Directions for this task
Using only the entries below, output the lines starting at the one containing "Nici 47517 My" and ending at the one containing "2017 Chevrolet Silverado 1500 LTZ photo 1", exactly and inclusive of both, omitting the pictures.

Source information
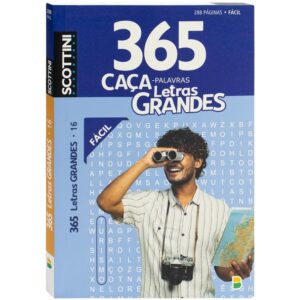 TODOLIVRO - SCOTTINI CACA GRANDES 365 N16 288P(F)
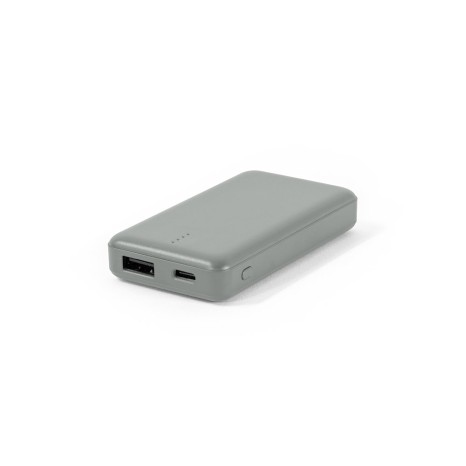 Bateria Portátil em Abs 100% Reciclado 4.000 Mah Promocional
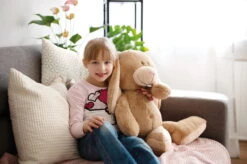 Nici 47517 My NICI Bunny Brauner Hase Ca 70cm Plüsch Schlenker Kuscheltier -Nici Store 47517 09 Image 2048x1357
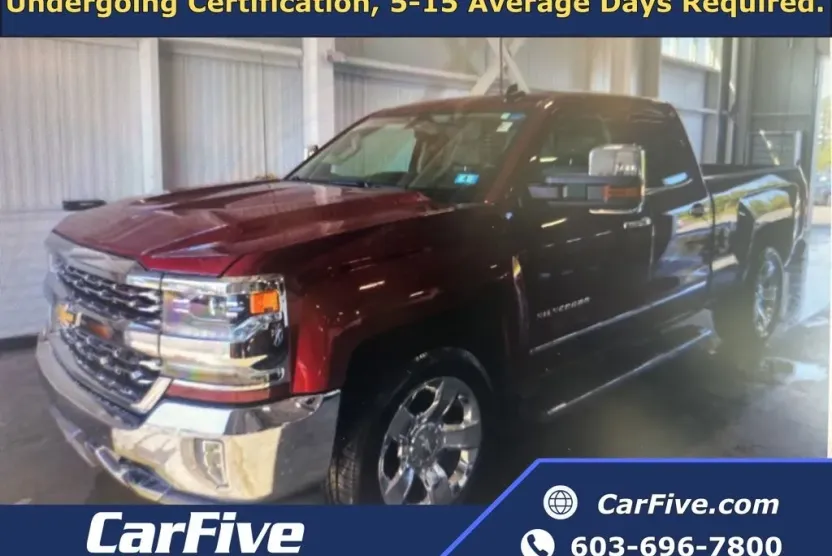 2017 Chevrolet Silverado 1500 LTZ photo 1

--

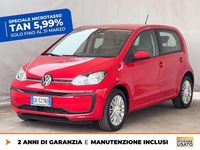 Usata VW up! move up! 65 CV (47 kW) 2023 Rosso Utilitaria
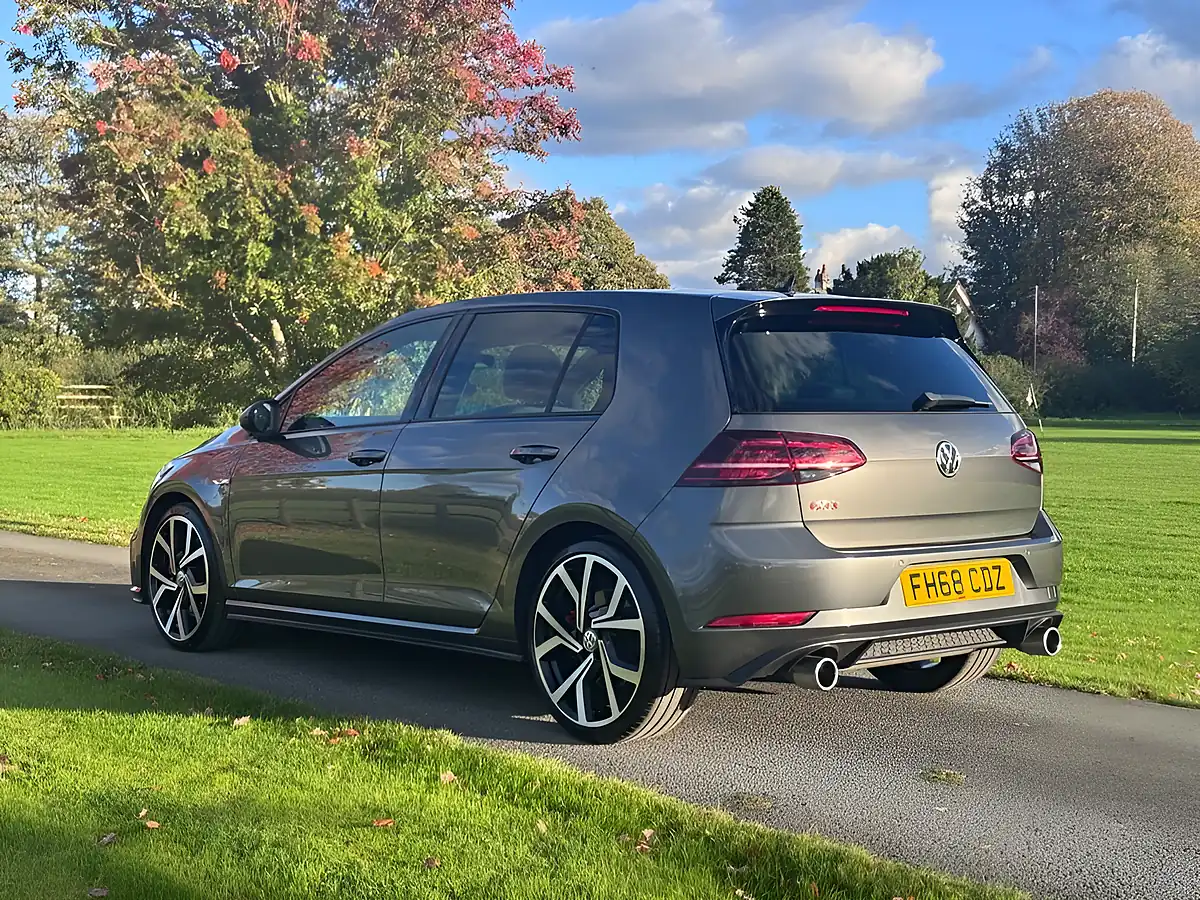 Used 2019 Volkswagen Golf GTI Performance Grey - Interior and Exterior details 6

Answer for this exercise
 Nici 47517 My NICI Bunny Brauner Hase Ca 70cm Plüsch Schlenker Kuscheltier -Nici Store 47517 09 Image 2048x1357
 2017 Chevrolet Silverado 1500 LTZ photo 1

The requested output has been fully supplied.